I put the paper down. Now I knew. Now I really knew what was in Germany and Austria and Poland. Murder camps. Sure I had known there were camps. That’s where those trains took you. But I hadn’t known that they were like this, that Hitler had told his soldiers to murder Jews, any time they felt like it. . . .
Now I knew why I was here, why I shouldn’t stand close to the window in the front room. I had just read why in a paper that told people what was really going on.Although written for a middle-grade audience, Reiss captures the fear of the future and of being captured as well as the tedium of staying hidden. As an adult reader, I was worried about Annie and her sister’s safety, not only from the Nazis but also from their at-first unwilling hosts.
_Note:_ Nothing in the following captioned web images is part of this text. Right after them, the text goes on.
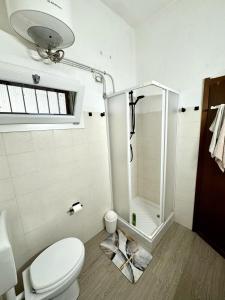 a white bathroom with a shower and a toilet at Casa Nala Costa Rei in Costa Rei
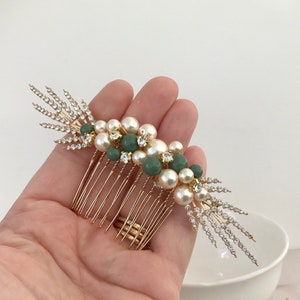 K&ouml;nnte beinhalten: Goldener Haarkamm mit einem Cluster aus Kunstperlen und gr&uuml;nen Perlen. Der Kamm hat ein dekoratives Design mit Strasssteinen.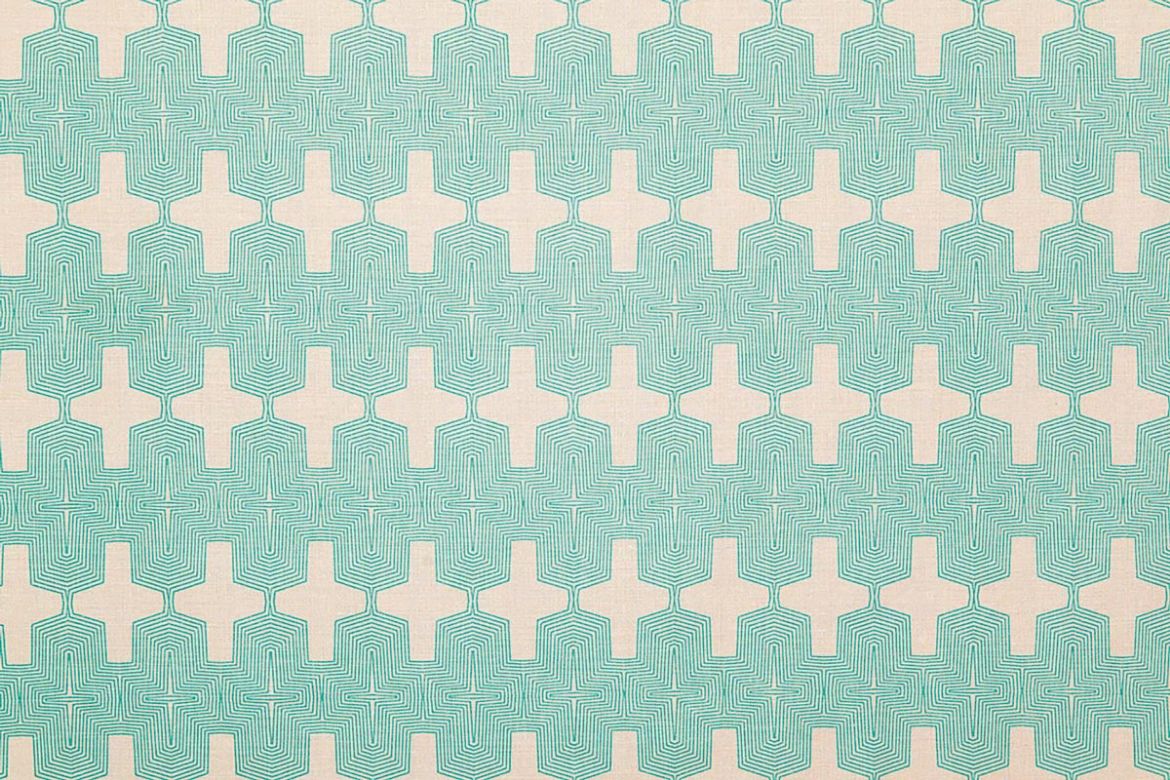 Laguna Printed Fabric in Turquoise – bold Aztec-inspired geometric pattern printed in vibrant turquoise on natural white linen.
Annie is expected to sleep in the same bed as the farming couple hiding her, which might not have ended well. Her older sister feels her life is slipping away and seemed to be spending too much time alone with Johan, the middle-aged farmer who is their host. False alarm, luckily! I suppose I've read too many of those 70s problem novels.The book is often compared to The Diary of Anne Frank but with a happier ending; there is also a sequel. I read this for the de Grummond Book Group and the 2022 Historical Fiction Reading Challenge led by Marg at The Intrepid Reader.
Source: Library
3 comments:
This sounds like an exceptional historical novel for children about this topic. Great review!
Young Adult books can be substantive. Thank you. Perhaps you have mentioned a couple of books about Dita Kraus: The Librarian of Auschwitz by Iturbe and A Delayed Life, her autobiography. Like Anne Frank, Dita Kraus was in Bergen Belsen as a young teenager. She was 15 when Brits liberated Bergen Belsen. She survived Theresienstadt, Auschwitz-Birkenau, slave labor in Germany, and Bergen Belsen. Now she is 93 years old, has four great grandchildren, and lives in Israel and Prague.
Excellent overview and review. Now I want to read Hautzig’s book.